How much is your time worth? That’s the question we might ask ourselves when first glancing at Bryston Limited’s latest digital audio streamer, the BDP-π, which for US$1295 gives us a Raspberry Pi and Hifiberry Digi+ snapped into a custom case and boxed up with switch mode power supply – a combination that might otherwise be purchased for well under three hundred hundred dollars.

What gives?

Direct from the press release: “The BDP-π will playback digital music ranging from MP3 to lossless 24/192 high-resolution files and can be connected to virtually any DAC using the provided S/PDIF, Toslink, USB and HDMI connectors.”

Now our plot thickens a little.

Said HDMI connector will pipe digital audio into the likes of Arcam’s SR250 integrated, OPPO Digital’s more ubiquitous BDP-105 or a NAD M51 DAC. The catch? HDMI supply is hamstrung to 16bit/48kHz. Elsewhere, with USB, with TOSLINK and with coaxial, PCM file handling stretches out to 24bit/192kHz. No DSD, no worries.

Still reckon you could build your own for less? Again – how much is your time actually worth? Raspberry Pi-based streamers don’t build themselves.

For AURALiC Aries LE owners on the cusp of pointing out that their preferred streamer is less costly and (perhaps) better looking, riddle me this: is AURALiC’s Lightning DS control app available for Android devices? No, it is not.

Bryston’s BDP-π can be controlled via a web interface – hello Android, iOS, Windows, MacOS and Linux – or any dedicated MPD control app. Alternatively, one choose to drop additional cash on Bryston’s own infra-red wand.

bryston BDP-Pi_1

And then…

Does your Aries or DIY solution’s front panel feature a colour TFT screen and associated control buttons? Would your operating system serve cover art [see footnote 1] to that same screen [see footnote 2]? Would that screen also display virtual digital VU meters? Bryston’s BDP-π offers all of these features.

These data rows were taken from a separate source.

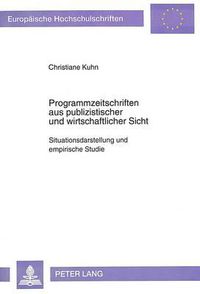 Cover image for Programmzeitschriften Aus Publizistischer Und Wirtschaftlicher Sicht: Situationsdarstellung Und Empirische Studie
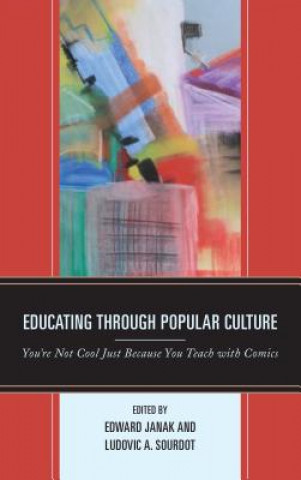 Book Educating through Popular Culture Edward A Janak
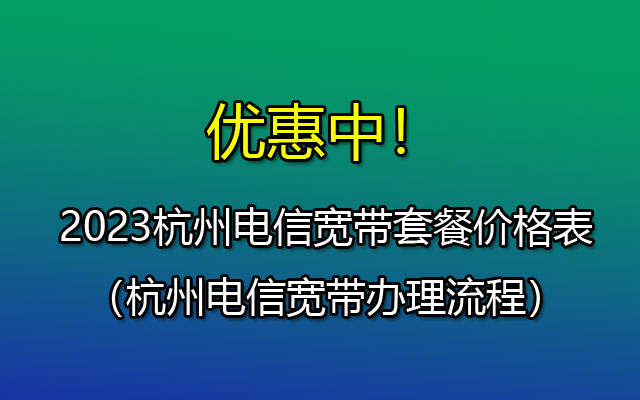 杭州电信宽带300M-1000M办理包月（2023杭州电信宽带套餐大全）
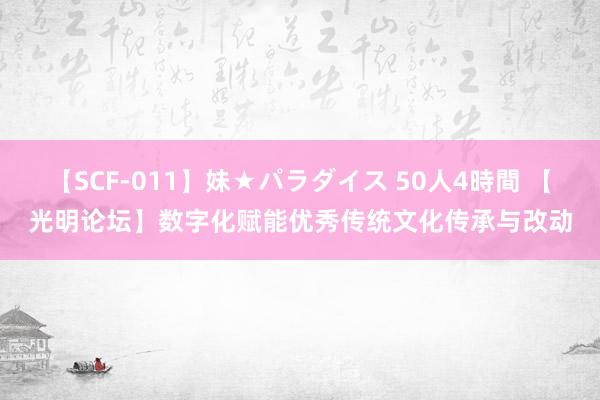 【SCF-011】妹★パラダイス 50人4時間 【光明论坛】数字化赋能优秀传统文化传承与改动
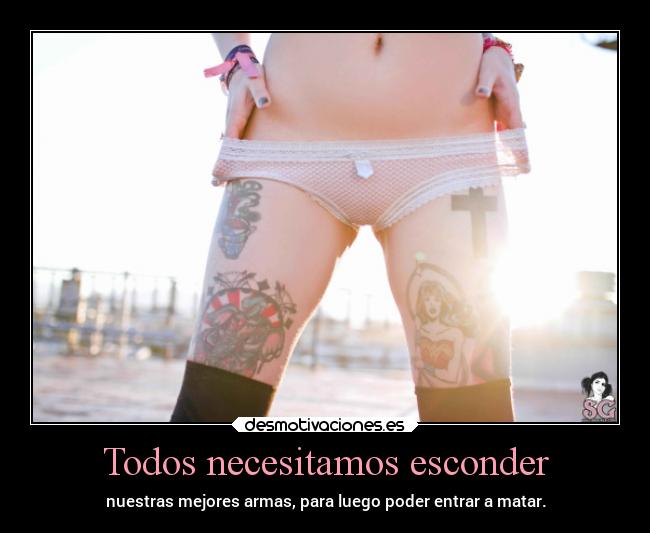 Todos necesitamos esconder - nuestras mejores armas, para luego poder entrar a matar.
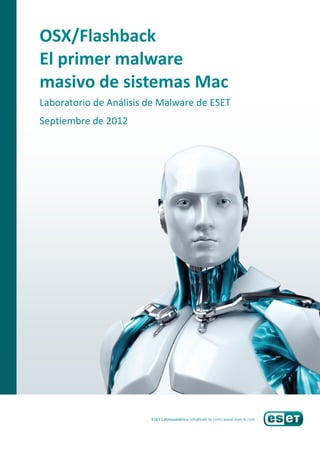 OSX/Flashback
El primer malware
masivo de sistemas Mac
Laboratorio de Análisis de Malware de ESET
Septiembre de 2012
 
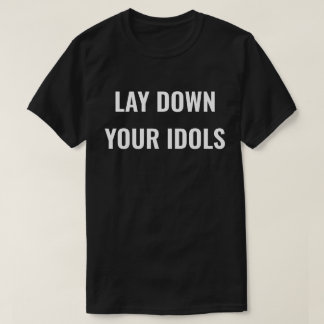 Camiseta de hombre 'Abandona tus ídolos'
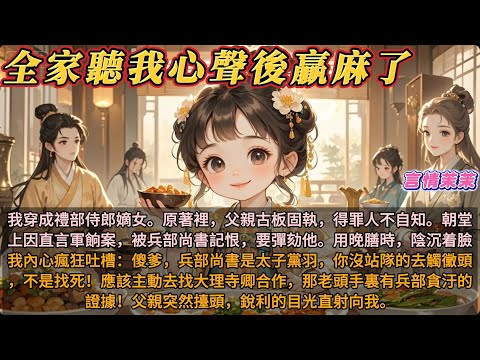 《全家聽我心聲後贏麻了》穿成禮部侍郎的嫡女。父親在朝堂上被兵部尚書記恨彈劾。我內心瘋狂吐槽：傻爹，兵部尚書是太子黨羽。應該主動去找大理寺卿，他手裏有兵部貪汙的證據！父親突然擡頭，銳利的目光直射向我。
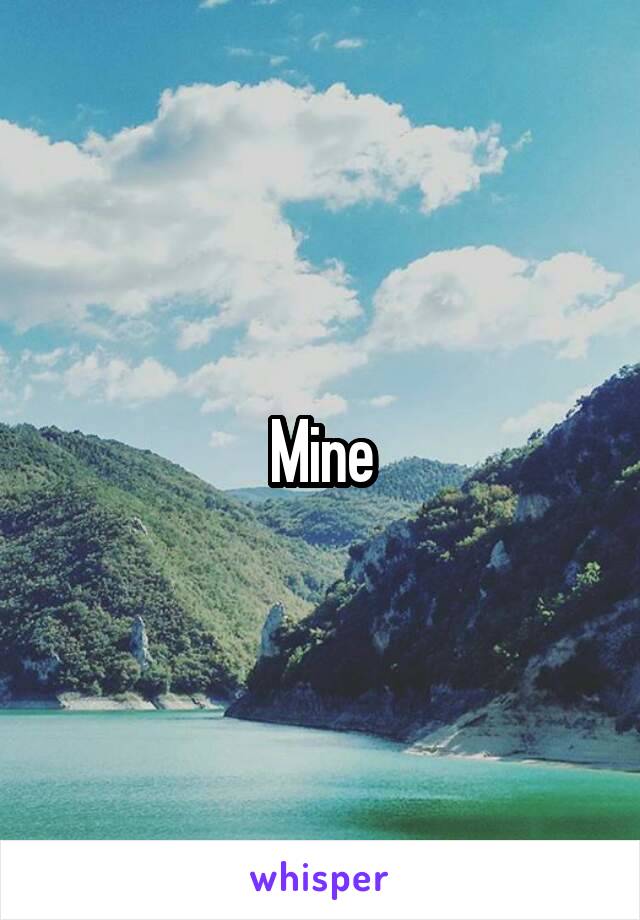 Mine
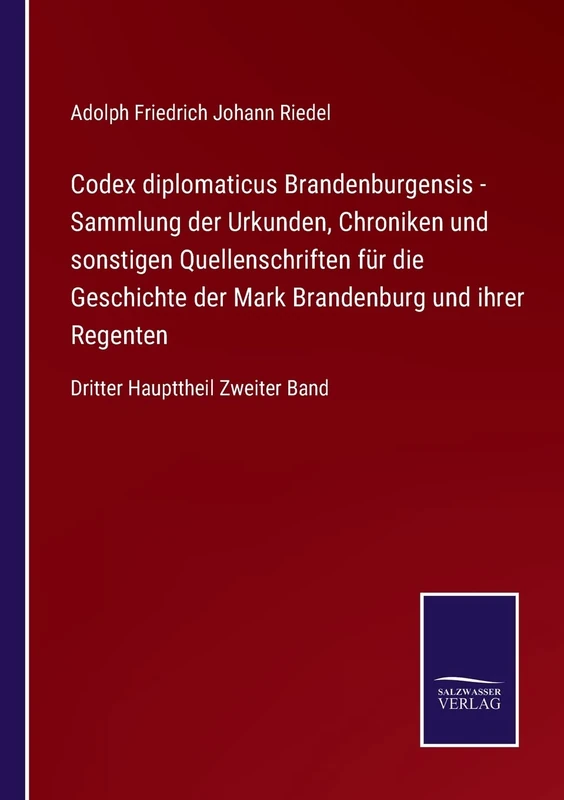 Codex diplomaticus Brandenburgensis - Sammlung der Urkunden, Chroniken und sonstigen Quellenschriften für die Geschichte der Mark Brandenburg und ihrer Regenten: Dritter Haupttheil Zweiter Band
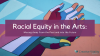 Racial Equity in the Arts: Moving Away From the Past and into the Future
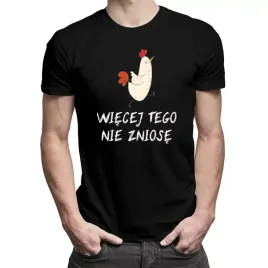 koszulka-kury-wiecej-nie-zniose-smieszny-prezent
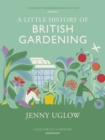 A Little History Of British Gardening - eBook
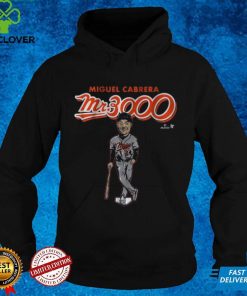 Miguel Cabrera_ Mr. 3,000 Shirt + Hoodie, Detroit MLBPA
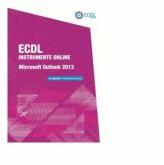 ECDL Instrumente online. Microsoft Outlook 2013 - Ionut Danaila (ISBN: 9786069452516)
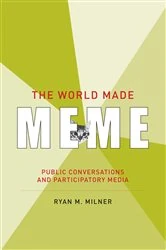 Book cover of The World Made Meme by Ryan M. Milner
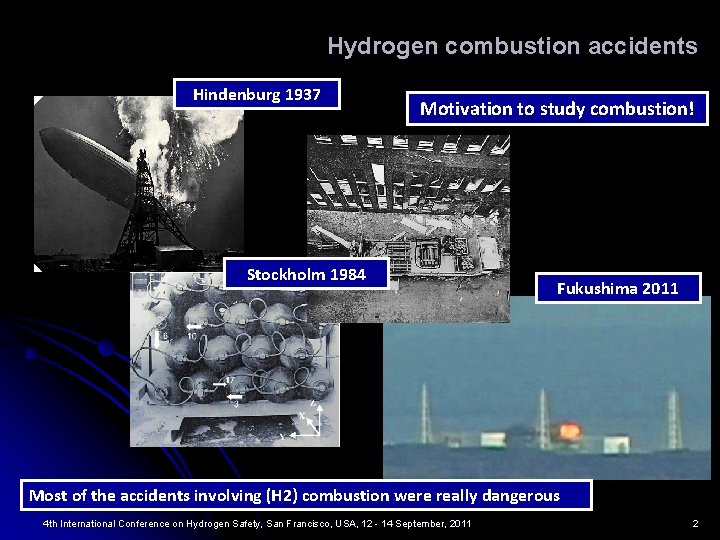 Hydrogen combustion accidents Hindenburg 1937 Motivation to study combustion! Stockholm 1984 Fukushima 2011 Most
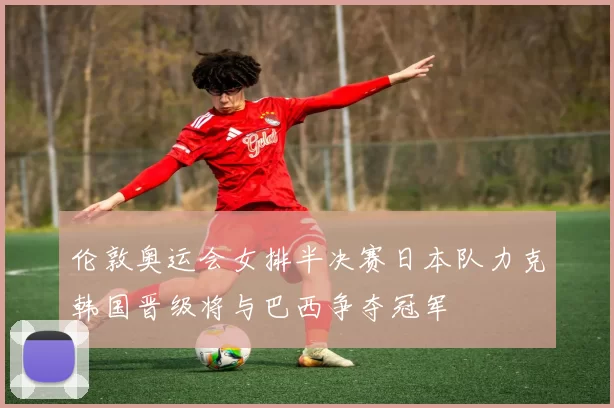 伦敦奥运会女排半决赛日本队力克韩国晋级将与巴西争夺冠军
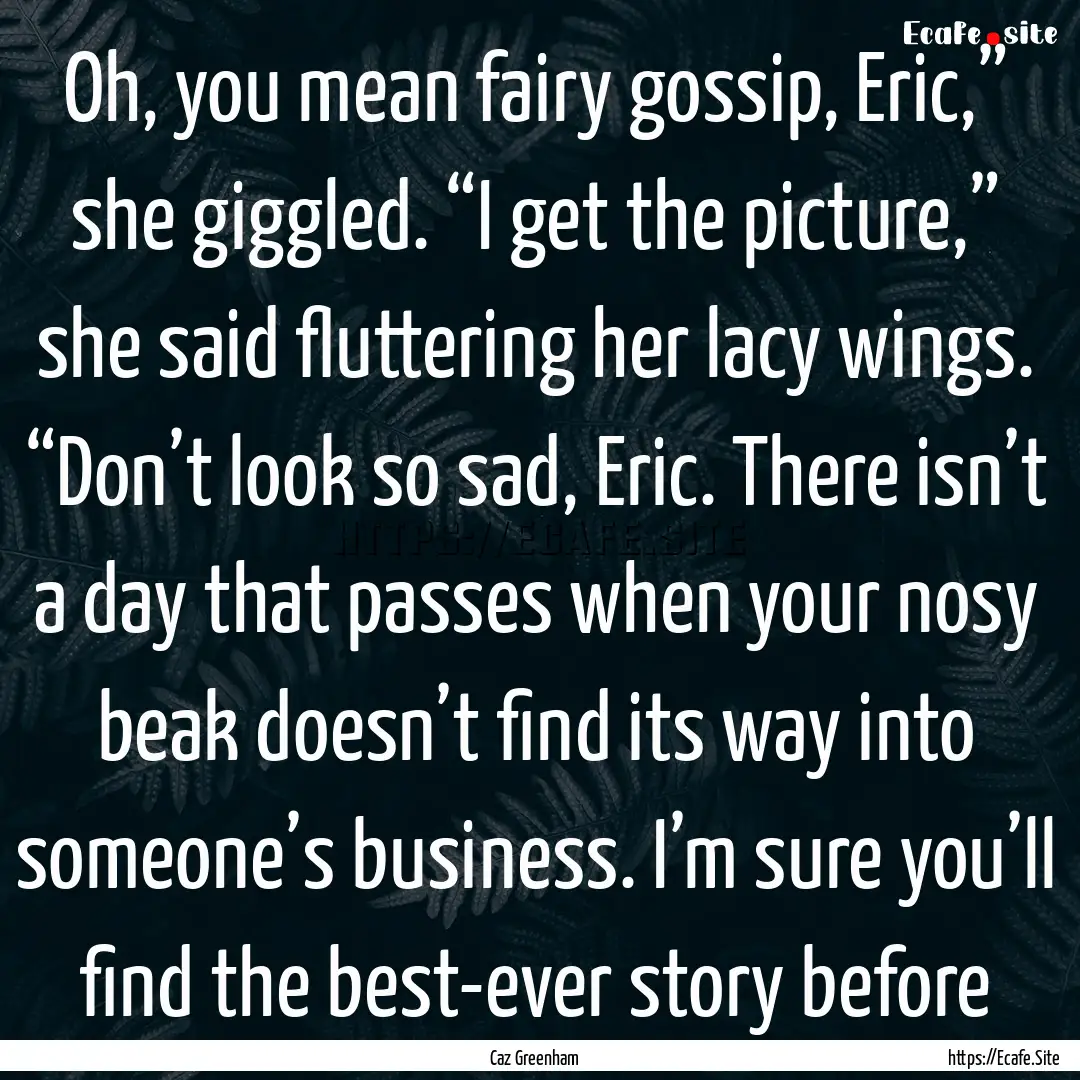 Oh, you mean fairy gossip, Eric,” she giggled..... : Quote by Caz Greenham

Music supply comes via any direct-connected USB storage device, across the LAN from a NAS device, from any Roon server – yes, BDP-π is Roon Ready – or from the Internet via Tidal and/or Internet radio stations.

Of course, if you think you can build your own for less, there ain’t nuthin’ stopping ya. The BDP-π is for the cash rich / time poor among us or it’s for digital audiophiles who demand a Raspberry Pi-based streamer’s casework not look so generic that you want to hide it away. That display screen will likely see this piece o’ Pi demand pride of price in any hifi rack.

Best served with coffee, black and strong.

Further information: Bryston Limited

Footnote 1: From the BDP-π’s user manual: “The art is read from a JPG file contained within the folder in which the currently playing track resides.” Bliss will automatically create these .jpg files should they not already exist in your library.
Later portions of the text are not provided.